Seguir la dieta mediterránea no solo significa consumir los alimentos producidos en los territorios que rodean el mar Mediterráneo, sino también aplicar determinadas formas de producción, cocción, y siempre rodeados de familiares y amigos, realizando actividad física y encontrándonos con el medio natural. Oficialmente, se considera que la dieta mediterránea es propia de 7 países: Chipre, Croacia, España, Grecia, Italia, Marruecos y Portugal.

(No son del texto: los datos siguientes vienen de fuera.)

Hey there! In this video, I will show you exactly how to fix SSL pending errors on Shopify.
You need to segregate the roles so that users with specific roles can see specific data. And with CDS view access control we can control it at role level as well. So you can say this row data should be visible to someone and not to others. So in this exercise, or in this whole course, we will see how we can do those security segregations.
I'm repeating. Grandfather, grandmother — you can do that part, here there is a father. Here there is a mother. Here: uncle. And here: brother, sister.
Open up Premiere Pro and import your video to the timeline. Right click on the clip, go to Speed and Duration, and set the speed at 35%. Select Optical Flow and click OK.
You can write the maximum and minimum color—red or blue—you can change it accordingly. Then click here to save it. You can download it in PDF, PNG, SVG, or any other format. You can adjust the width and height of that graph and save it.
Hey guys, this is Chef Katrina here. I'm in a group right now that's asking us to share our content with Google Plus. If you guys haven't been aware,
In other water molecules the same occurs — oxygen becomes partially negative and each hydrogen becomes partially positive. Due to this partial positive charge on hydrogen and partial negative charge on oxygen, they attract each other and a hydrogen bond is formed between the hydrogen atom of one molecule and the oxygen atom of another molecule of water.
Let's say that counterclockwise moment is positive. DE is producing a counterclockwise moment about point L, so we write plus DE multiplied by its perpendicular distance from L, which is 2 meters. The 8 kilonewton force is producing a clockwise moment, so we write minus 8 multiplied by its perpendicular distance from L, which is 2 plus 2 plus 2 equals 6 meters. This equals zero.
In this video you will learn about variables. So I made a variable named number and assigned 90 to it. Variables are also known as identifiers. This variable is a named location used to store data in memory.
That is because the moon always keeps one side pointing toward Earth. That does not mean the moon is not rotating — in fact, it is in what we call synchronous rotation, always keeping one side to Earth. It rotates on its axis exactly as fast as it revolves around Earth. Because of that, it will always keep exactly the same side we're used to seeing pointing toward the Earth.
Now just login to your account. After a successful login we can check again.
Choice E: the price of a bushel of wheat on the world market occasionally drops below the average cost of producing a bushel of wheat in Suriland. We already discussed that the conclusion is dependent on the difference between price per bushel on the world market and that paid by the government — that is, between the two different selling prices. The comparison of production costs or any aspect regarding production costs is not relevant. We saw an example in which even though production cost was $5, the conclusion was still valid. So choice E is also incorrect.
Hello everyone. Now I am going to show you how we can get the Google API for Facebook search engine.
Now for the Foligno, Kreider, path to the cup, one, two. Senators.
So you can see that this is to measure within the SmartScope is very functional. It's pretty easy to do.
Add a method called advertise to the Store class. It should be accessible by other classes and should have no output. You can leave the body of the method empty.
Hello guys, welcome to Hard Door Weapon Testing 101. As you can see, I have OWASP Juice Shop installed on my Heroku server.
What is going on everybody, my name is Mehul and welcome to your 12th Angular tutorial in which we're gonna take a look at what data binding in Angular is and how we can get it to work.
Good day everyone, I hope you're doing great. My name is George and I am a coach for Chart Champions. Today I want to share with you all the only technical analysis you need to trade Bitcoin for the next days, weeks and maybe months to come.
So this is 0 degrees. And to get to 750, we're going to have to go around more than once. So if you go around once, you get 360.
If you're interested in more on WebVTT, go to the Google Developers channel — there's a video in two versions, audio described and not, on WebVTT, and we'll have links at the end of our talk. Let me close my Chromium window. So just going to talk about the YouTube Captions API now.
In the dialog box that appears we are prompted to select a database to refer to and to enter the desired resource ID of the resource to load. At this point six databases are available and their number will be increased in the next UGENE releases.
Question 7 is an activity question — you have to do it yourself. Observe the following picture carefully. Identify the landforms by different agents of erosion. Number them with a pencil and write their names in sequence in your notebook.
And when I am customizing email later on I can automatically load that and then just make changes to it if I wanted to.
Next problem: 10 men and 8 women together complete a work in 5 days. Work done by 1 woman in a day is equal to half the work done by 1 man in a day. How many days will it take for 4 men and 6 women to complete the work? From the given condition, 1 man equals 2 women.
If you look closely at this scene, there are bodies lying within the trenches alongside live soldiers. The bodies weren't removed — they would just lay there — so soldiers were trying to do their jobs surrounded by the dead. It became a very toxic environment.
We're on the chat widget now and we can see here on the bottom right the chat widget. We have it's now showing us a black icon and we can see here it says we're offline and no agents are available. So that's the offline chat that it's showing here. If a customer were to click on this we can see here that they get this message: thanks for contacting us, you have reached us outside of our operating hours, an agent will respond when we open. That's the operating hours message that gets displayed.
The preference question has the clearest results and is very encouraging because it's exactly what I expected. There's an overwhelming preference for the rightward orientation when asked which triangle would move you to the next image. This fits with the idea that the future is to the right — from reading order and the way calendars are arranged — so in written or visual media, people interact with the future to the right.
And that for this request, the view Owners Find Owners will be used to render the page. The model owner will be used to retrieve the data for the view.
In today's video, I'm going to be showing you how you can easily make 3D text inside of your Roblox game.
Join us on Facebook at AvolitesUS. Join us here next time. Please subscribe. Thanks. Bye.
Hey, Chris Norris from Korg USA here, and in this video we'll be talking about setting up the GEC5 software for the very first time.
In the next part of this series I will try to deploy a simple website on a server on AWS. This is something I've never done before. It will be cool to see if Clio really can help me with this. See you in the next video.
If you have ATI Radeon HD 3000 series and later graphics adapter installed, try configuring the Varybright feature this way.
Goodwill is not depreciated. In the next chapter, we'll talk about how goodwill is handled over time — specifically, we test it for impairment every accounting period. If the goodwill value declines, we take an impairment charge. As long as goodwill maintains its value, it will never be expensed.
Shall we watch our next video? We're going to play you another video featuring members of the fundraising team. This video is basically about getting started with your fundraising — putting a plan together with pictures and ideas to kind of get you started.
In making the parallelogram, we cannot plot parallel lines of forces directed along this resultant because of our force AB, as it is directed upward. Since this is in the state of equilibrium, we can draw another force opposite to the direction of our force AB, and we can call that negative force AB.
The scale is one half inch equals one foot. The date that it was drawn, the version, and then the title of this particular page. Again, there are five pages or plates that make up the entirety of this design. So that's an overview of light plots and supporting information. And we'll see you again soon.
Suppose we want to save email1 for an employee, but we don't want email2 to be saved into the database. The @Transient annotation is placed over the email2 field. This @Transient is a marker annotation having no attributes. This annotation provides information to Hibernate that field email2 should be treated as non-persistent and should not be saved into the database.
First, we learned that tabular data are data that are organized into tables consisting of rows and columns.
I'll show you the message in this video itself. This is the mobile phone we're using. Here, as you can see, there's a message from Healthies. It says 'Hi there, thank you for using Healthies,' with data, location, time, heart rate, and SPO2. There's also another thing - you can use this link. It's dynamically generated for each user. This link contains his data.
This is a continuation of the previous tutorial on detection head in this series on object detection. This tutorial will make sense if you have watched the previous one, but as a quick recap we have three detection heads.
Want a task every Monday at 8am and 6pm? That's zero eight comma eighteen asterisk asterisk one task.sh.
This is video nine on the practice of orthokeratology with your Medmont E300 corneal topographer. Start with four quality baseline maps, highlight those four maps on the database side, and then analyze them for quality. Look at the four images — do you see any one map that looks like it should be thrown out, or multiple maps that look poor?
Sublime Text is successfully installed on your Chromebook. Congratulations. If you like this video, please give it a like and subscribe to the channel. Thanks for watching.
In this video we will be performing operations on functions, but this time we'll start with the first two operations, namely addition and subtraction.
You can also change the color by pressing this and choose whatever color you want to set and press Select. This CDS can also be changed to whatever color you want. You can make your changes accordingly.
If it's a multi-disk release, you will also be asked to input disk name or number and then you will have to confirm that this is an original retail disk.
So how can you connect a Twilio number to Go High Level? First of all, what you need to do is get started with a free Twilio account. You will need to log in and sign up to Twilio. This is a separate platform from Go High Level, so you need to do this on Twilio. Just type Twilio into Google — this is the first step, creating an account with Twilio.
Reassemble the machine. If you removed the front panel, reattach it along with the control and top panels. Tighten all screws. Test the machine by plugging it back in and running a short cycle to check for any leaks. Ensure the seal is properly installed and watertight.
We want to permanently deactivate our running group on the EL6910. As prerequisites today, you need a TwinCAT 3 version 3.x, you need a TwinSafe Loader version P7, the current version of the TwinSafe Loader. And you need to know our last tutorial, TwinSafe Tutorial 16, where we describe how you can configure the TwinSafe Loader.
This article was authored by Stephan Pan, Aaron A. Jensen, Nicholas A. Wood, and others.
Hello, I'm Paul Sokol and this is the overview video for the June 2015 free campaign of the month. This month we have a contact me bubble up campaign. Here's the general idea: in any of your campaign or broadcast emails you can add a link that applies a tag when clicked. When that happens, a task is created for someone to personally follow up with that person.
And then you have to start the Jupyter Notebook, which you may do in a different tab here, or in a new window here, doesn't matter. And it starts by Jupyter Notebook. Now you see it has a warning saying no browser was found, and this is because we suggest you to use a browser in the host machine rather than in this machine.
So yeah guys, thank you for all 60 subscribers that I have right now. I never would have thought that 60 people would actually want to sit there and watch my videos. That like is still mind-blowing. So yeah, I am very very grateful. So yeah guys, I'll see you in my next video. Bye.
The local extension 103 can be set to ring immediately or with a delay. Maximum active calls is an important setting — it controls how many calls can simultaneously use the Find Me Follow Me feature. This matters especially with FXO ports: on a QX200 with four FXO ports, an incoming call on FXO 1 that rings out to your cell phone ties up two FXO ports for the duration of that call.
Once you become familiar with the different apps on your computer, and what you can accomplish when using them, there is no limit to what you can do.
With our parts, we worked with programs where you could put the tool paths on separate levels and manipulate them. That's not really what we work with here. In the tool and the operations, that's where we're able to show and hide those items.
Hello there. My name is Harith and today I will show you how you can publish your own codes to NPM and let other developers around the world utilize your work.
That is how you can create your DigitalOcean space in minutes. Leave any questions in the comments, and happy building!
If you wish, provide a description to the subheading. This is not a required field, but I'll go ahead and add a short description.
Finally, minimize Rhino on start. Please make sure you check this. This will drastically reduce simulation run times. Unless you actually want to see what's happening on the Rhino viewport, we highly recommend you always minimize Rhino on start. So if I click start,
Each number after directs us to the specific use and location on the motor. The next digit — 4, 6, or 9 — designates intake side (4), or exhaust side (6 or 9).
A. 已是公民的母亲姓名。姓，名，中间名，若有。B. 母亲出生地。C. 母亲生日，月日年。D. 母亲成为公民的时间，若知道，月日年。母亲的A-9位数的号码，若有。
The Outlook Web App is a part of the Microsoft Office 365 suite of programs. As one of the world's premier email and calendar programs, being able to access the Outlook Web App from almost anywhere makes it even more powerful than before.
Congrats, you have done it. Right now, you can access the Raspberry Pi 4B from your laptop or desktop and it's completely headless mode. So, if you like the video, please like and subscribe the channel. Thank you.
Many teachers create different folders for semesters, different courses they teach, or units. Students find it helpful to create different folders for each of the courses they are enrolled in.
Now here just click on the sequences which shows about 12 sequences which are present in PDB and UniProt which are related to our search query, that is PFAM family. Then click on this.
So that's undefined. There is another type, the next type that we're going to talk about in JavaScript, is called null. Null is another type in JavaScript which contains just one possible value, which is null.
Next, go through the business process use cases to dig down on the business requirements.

Los alimentos característicos de la dieta mediterránea son, en general, los siguientes: el aceite de oliva, los cereales, las frutas, verduras y hortalizas, las legumbres, los frutos secos, pescados y mariscos, carne, leche y huevos, y derivados lácteos fermentados. Eso sí, existen aproximaciones y recomendaciones en cuanto a la cantidad y frecuencia adecuada de cada tipo de alimento, para considerarlo dentro de los usos de la dieta mediterránea, y para asegurar, así, sus beneficios en la salud.

Hasta la fecha existen numerosos estudios que han comprobado que el patrón de dieta mediterránea se relaciona con un menor riesgo de muerte para la mayoría de las enfermedades no infecciosas, es decir, las cardiovasculares (ECVs) y el cáncer principalmente. Las enfermedades cardiovasculares suponen el 25% de todas las muertes en España.

Para muchos expertos, la dieta mediterránea se define como una forma de entender la vida, basada en una forma de alimentarse y de cocinar disfrutando del entorno, relacionándose con él y generando arte y cultura a partir de alimentos emblemáticos tradicionalmente vinculados al lugar de origen. De esta manera, la dieta mediterránea se convierte, a su vez, en una forma de intercambio social, a la que además se le suman otros hábitos saludables como la actividad física e, incluso, la siesta. La dieta mediterránea está incluida en la Lista Representativa del Patrimonio Cultural Inmaterial de la Humanidad de la UNESCO, no solo por su valor nutricional, sino también por su valor cultural y social.